Students, on the other hand, feel both a desire and entitlement to use laptops. Many feel that it enhances their educational experience - serving as both a more comfortable and effective method of note-taking. They also argue that it makes outlining easier. They answer the surfing complaints by noting the long history of crossword puzzling in the law school classroom.
It seems to me that this is a manageable problem with a market solution. Limit laptop use to the back rows of class - so that surfing students won't be visible to the students who dislike distractions. And since the number of laptop seats are limited, auction these positions to students who value laptops the most. But here's the twist. Since laptops have real potential to be a social "bad", the currency of the auction ought to counter-act that bad. What could surfing students do to counteract the effects of the laptop? More work, of course!

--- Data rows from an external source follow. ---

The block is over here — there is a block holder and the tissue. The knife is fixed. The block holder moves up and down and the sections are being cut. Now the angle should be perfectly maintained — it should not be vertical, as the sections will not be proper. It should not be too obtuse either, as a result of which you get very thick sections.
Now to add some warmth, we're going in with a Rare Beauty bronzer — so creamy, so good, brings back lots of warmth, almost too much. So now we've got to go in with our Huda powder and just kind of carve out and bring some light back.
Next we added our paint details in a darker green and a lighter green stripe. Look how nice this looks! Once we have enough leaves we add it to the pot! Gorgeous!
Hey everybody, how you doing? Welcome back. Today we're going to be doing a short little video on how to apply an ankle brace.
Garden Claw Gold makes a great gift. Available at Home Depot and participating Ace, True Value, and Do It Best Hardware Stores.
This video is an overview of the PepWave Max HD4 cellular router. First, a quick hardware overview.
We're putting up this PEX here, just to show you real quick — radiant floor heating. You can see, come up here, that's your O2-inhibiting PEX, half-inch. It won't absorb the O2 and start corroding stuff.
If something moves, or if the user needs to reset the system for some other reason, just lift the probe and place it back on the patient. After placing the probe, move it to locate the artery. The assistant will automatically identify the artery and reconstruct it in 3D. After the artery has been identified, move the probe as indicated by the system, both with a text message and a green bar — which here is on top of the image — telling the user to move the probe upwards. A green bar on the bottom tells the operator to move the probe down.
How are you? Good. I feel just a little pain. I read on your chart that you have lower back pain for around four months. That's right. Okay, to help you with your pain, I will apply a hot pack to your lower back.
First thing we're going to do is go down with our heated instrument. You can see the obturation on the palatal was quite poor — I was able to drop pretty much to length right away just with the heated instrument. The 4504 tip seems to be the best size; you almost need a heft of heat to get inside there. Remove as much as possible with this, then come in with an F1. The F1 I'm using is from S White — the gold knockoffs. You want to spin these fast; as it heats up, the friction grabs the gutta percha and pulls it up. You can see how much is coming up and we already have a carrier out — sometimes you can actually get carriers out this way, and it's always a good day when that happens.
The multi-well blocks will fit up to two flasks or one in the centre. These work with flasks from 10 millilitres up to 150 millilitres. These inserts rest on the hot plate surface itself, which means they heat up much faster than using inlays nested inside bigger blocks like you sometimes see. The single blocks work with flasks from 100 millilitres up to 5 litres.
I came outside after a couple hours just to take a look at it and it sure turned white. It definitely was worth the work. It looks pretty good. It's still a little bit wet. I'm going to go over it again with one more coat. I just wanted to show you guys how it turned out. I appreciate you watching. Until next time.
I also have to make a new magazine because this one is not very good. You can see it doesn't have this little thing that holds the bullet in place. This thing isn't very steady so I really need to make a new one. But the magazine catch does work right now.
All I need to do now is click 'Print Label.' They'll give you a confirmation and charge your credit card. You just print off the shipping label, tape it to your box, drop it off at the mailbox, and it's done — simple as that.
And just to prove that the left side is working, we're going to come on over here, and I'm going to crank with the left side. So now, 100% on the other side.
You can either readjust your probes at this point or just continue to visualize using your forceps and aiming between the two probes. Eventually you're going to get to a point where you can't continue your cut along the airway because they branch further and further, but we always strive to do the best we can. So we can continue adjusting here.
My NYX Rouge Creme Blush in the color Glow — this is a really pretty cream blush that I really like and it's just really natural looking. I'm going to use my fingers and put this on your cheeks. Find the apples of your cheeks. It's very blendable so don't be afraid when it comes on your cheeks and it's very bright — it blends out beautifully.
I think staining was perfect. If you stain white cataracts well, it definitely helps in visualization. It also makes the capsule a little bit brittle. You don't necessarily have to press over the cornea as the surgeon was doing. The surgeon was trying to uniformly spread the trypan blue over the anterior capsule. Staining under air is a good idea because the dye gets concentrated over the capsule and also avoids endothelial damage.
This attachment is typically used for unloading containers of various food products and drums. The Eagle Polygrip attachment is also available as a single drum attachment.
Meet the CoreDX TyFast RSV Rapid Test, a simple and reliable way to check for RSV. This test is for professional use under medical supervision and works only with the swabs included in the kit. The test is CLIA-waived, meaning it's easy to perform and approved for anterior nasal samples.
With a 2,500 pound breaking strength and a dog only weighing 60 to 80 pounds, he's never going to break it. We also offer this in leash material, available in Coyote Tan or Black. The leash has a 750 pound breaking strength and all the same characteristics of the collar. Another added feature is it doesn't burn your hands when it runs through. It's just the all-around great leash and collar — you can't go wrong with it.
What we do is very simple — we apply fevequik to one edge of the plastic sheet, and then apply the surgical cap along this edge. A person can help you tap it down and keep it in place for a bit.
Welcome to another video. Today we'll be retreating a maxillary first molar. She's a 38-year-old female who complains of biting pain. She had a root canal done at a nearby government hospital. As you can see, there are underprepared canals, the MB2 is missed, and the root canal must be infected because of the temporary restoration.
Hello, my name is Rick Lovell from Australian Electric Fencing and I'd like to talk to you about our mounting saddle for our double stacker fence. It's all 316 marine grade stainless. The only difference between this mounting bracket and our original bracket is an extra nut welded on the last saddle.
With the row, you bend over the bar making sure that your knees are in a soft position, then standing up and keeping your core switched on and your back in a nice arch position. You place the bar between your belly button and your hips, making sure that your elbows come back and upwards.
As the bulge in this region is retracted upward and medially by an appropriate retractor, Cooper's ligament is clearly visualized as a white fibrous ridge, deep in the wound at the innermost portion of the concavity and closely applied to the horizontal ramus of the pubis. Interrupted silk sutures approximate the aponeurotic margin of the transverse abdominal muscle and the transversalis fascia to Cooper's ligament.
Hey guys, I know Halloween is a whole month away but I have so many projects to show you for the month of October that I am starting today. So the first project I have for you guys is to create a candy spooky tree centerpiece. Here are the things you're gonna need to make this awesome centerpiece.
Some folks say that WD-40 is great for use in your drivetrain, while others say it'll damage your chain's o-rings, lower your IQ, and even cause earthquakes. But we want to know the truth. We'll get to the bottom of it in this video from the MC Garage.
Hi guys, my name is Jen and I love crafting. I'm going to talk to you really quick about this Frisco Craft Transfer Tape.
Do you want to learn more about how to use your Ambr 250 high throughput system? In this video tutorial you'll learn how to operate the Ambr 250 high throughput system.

Imagine if a professor structured the auction as follows: students seeking these seats must offer to prepare short papers in addition to the final. The minimum bid might be two extra papers, for example. Thus, in a highly competitive environment, the winning student would write five short papers over the term - presumably on topics directly related to the course material. Only highly motivated laptop users would submit these bids and any loss of education related to the laptop would be ameliorated by the papers.
What are the critiques - other than what some might see as the improper introduction of a market into the classroom? One is that some students may in fact learn more, not less, with a laptop. Three possible answers. First, these students will learn even more with their additional papers. Second, in any case, their laptop use has a cost to other students (in the form of distraction) which must be reduced. Students who learn better with pen and paper do no exact a similar cost on laptop users. More importantly, this plan is better than a flat-out laptop ban - it gives students a choice.
Another critique is that students with disabilities may need laptops and should not have to do extra work. The beauty of my plan is that these students can receive rear row seats for free (no additional papers) and their disability will be invisible to others - unlike classrooms with a laptop ban and one or two visibly accommodated students.
Of course, if the primary complaint is related to distracting surfing (rather than undermining the Socratic method), it might suffice to turn off the wireless. However as we have discovered, once you uncork the wireless genie, she is hard to re-bottle - both culturally and, remarkably, technologically.